Ever wanted to download a manual or a wiki from the web

A home for all kinds of Puppy related projects
Post Reply
Message
Author
User avatar
gposil
Posts: 1300
Joined: Mon 06 Apr 2009, 10:00
Location: Stanthorpe (The Granite Belt), QLD, Australia
Contact:

Ever wanted to download a manual or a wiki from the web

#1 Post by gposil »

PMirrorget is page grabber...you point it at the path or index page you want and it grabs the text links to that page and downloads them to your local machine...with thanks to Lobster for the original to work off.

.
Attachments
pmwget.jpg
Screen Shot
(21.55 KiB) Downloaded 1887 times
PMirrorget-0.1.pet
version 0.1
(1.41 KiB) Downloaded 648 times
[img]http://gposil.netne.net/images/tlp80.gif[/img] [url=http://www.dpup.org][b]Dpup Home[/b][/url]

User avatar
Lobster
Official Crustacean
Posts: 15522
Joined: Wed 04 May 2005, 06:06
Location: Paradox Realm
Contact:

#2 Post by Lobster »

Very useful :) Well done.
Many thanks for using pwget, which is in Puppy and maybe this could be combined with that - or should they be separate?
Hope this finds its way into Puppy

Anyway I used your program to download a website for local/offline viewing. Works as advertised ;)

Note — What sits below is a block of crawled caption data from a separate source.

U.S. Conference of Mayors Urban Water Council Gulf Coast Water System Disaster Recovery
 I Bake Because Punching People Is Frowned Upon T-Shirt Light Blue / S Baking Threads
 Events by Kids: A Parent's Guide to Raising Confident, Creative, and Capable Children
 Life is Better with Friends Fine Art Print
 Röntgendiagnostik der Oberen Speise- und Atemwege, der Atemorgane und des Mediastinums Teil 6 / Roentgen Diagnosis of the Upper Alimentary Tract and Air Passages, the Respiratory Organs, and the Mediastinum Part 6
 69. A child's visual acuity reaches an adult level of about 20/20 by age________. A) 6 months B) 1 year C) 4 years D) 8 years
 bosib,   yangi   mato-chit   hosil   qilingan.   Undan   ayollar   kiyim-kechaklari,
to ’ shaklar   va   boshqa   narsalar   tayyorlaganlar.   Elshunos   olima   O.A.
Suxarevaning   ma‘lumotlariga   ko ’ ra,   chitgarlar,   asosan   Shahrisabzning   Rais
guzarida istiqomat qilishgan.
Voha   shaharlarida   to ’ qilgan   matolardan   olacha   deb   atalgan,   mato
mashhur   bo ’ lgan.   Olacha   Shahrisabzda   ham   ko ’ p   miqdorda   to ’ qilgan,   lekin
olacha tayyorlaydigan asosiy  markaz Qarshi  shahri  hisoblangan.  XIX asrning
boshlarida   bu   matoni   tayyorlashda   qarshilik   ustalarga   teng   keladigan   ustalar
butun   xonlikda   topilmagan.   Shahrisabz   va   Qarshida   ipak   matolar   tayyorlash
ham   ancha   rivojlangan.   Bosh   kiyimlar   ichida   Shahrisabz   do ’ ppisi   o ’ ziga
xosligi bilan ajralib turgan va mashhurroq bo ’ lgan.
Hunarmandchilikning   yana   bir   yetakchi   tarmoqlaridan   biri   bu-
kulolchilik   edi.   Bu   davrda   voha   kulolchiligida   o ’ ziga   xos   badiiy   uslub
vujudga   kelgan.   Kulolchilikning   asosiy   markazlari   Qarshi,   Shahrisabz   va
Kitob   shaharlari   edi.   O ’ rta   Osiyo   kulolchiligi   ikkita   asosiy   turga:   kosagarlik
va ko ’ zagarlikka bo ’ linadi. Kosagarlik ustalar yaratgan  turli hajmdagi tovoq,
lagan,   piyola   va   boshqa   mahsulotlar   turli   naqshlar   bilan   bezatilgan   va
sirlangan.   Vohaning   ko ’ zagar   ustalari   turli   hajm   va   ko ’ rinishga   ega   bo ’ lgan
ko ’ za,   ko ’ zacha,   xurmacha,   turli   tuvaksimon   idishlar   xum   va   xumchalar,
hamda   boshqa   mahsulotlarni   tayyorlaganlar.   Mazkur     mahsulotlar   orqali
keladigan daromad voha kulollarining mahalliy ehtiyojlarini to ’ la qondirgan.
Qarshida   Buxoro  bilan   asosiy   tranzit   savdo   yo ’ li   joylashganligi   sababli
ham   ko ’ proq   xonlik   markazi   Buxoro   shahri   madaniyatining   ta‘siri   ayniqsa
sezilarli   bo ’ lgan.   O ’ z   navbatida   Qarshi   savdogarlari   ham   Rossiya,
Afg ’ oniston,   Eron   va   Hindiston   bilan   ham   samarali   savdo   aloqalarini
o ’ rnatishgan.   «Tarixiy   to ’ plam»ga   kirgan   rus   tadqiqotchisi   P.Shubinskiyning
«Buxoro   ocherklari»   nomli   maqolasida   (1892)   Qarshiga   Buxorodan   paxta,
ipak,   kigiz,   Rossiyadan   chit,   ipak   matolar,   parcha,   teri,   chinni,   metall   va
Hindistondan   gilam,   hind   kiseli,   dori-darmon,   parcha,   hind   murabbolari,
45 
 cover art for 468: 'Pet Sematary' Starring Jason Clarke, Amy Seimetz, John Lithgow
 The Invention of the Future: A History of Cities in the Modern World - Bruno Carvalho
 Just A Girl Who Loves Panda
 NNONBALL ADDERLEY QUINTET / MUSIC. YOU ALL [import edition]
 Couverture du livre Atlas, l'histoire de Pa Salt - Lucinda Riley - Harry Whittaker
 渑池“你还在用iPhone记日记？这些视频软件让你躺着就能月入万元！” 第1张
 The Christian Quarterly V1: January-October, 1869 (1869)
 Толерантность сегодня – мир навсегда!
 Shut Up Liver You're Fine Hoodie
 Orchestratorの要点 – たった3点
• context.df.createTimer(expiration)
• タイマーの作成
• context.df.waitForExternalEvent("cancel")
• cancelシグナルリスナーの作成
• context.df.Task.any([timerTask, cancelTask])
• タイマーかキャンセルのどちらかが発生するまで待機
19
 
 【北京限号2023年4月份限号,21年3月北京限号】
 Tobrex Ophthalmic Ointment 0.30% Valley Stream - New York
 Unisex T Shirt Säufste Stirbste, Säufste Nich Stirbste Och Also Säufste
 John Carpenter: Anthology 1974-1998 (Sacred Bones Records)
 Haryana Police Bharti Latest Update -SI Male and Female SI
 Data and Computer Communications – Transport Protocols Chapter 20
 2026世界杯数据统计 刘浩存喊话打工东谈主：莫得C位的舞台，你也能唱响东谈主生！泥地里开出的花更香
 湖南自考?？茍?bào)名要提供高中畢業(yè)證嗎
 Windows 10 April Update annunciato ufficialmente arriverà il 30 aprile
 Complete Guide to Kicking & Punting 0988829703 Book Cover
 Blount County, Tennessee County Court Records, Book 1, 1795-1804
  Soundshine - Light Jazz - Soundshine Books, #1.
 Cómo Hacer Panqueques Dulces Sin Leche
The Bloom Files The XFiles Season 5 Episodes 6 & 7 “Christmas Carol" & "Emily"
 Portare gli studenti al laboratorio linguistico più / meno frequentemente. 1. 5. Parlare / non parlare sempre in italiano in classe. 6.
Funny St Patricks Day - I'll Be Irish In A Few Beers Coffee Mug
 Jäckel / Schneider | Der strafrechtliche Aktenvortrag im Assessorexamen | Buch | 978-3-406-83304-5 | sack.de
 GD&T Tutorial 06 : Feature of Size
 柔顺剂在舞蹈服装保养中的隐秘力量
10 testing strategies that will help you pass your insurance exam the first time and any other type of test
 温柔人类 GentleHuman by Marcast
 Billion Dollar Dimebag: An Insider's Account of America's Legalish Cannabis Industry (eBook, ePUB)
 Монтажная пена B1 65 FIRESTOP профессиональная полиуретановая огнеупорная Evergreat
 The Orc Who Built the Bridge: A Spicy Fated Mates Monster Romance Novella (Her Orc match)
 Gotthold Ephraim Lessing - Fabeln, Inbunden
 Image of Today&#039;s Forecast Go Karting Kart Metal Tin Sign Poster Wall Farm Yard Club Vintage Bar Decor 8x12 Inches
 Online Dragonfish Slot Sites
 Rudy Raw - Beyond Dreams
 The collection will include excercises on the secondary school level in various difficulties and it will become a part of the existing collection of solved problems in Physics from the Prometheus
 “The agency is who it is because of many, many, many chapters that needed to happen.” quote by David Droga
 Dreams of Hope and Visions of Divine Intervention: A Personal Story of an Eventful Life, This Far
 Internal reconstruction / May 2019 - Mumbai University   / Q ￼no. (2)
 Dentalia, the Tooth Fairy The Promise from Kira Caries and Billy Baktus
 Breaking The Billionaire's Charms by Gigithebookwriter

Have enclosed the code (find it at user/bin/pmwget) to give people an indication of how simple GTK + a command line utility such as wget can be . . .

Code: Select all

#! /bin/bash

# Pmwget created by gposil with thanks to Lobster for Pwget
# April 2009 GPL v3 License
# http://gposil.netne.net

export HELP_DIALOG='
<window title="PMirrorget - Help" resizable="false">
  <vbox>
    <text>
      <label>PMirrorget allows you to download an entire web page and its text linked pages to a folder on you PC.Copy and paste the URL you wish to download. Use the folder selector to choose the destination. It is designed primarily for grabbing manuals and wiki pages without sifting through them, so you can view them later.</label>
    </text>
    <button>
      <label>Close</label>
      <action type="closewindow">HELP_DIALOG</action>
    </button>
  </vbox>
  </window>
'

export Pmwget='
<window title="PMirrorget - Site Grabber Utility" resizable="false">
<vbox>
 <hbox>
  <text><label>Copy and Paste or type the URL of the required site into "URL". Choose your destination folder and then "Grab It Now!"</label></text>
 </hbox>
 <frame>
 <hbox>
  <text><label>URL:    </label></text>
  <entry accept="directory"><variable>SOURCE</variable><input>/tmp/pm_source_dir</input></entry>
 </hbox>
 <hbox>
  <text><label>Folder:</label></text>
  <entry accept="directory"><variable>DEST</variable><input>/tmp/pm_mirror_dir</input></entry>
  <button>
   <input file icon="gtk-open"></input>
   <action type="fileselect">DEST</action>
   <action>refresh:DEST</action>
  </button>
 </hbox>
 </frame>
 <hbox>
 <frame>
  <button help>
<action type="launch">HELP_DIALOG</action> 
  </button>
  <button cancel></button>
  </frame>
  <button>
  <input file>/usr/share/mini-icons/mini.checkmark.xpm</input>
       <label>Grab It Now! </label>
       <action type="exit">OK</action>
  </button>

 </hbox>
</vbox>
</window>'

I=$IFS; IFS=""
for STATEMENTS in  $(gtkdialog3 --program=Pmwget --center); do
   eval $STATEMENTS
done
IFS=$I
if [ $EXIT = OK ]; then
  rxvt -name PMirrorget -bg "#F3F2DF" -e wget -m -c -r -np -P "$DEST" $SOURCE
  rox -d "$DEST"
fi 
Puppy Raspup 8.2Final 8)
Puppy Links Page http://www.smokey01.com/bruceb/puppy.html :D

aarf

#3 Post by aarf »

this is just what i have been thinking of asking for. having used webzip.exe for windows quite a lot i feel your gui needs some extra fields to be competitive. eg link block for google ads etc., required file types, follow link depth and to where... , see the webzip appication for more ideas.

User avatar
hillside
Posts: 633
Joined: Sun 02 Sep 2007, 18:59
Location: Minnesota, USA. The frozen north.

#4 Post by hillside »

This made it very easy to get a quick backup of everything on my website.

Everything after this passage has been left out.